Make Your Patients Feel Special

While talking to a new client recently, one thing he said he’d like his team to recognize is that ‘every visit is a big deal for our patients’.  His point is that sometimes we become so desensitized to being at the dentist that we don’t understand our patients’ need for reassurance and patience.

If I count up all the days I’ve practiced hygiene in the last 20 years, it’s well into the thousands.  For most of my patients however, they may have only visited the dentist 40 or 50 times in the same time period and for some, maybe only a handful.
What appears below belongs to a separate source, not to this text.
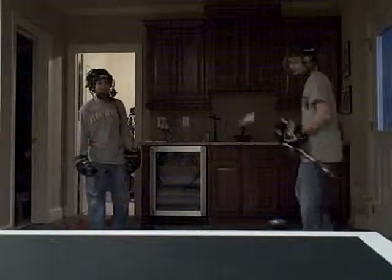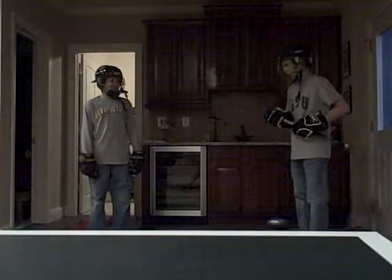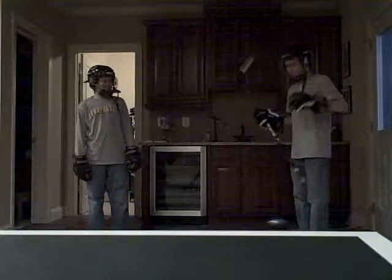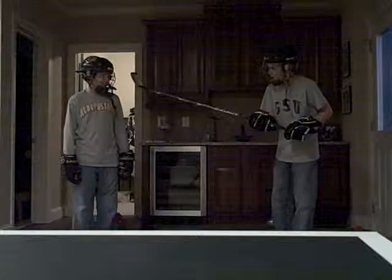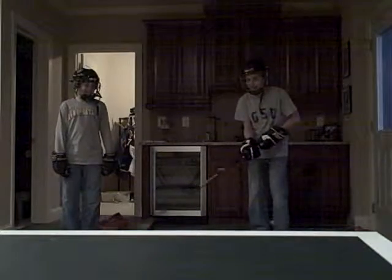Intro to fighting in hockey. First step is the slash to intimidate them and make them mad. There are many ways to approach this — there's a little kind slash that hurts, or the kill shot: either the head, the wrist, or the shin pad. My favorite is the shin pad because you don't want to damage the other spots till later. Come in — that's a cheap shot right there, and he's ticked, he's mad.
After thousands of days at the chair, coming to the dentist’s office is part of who we are. It’s routine for us, like a second home.  But for our patients it’s a completely different experience. Here are a few simple tips and things to think about to make each and every one of your patients feel like they’re your ONLY patient.

#1- Eye Contact

This is so simple but it makes a world of difference.  It’s so easy to seat our patients and begin asking questions as we’re looking at the monitor or at their paper chart.  I’ve shared before about layering education and clinical conversation over your scaling time but when you’re asking patients specific questions such as ‘what medications are you taking?’ or ‘what concerns do you have today?’ it is important to look them in the eye.  This let’s them know you’re actually listening. Listening is a skill I’m constantly working on.  I tell myself all the time ‘shut up, stop thinking of what you’re going to say next, just LISTEN’.

If you listen, then you can process what you’ve heard and use it to tie risk assessment and patient ‘wants’ to your treatment recommendations.

#2- Knee to Knee

I was coaching a young doctor recently and every time he went to check a patient he stood leaning on the counter looking down at the patient.  He didn’t realize that at 6’2″ how he was towering over his patients.  He is a warm, caring person and this posture made it hard for him to really connect and make patients feel comfortable.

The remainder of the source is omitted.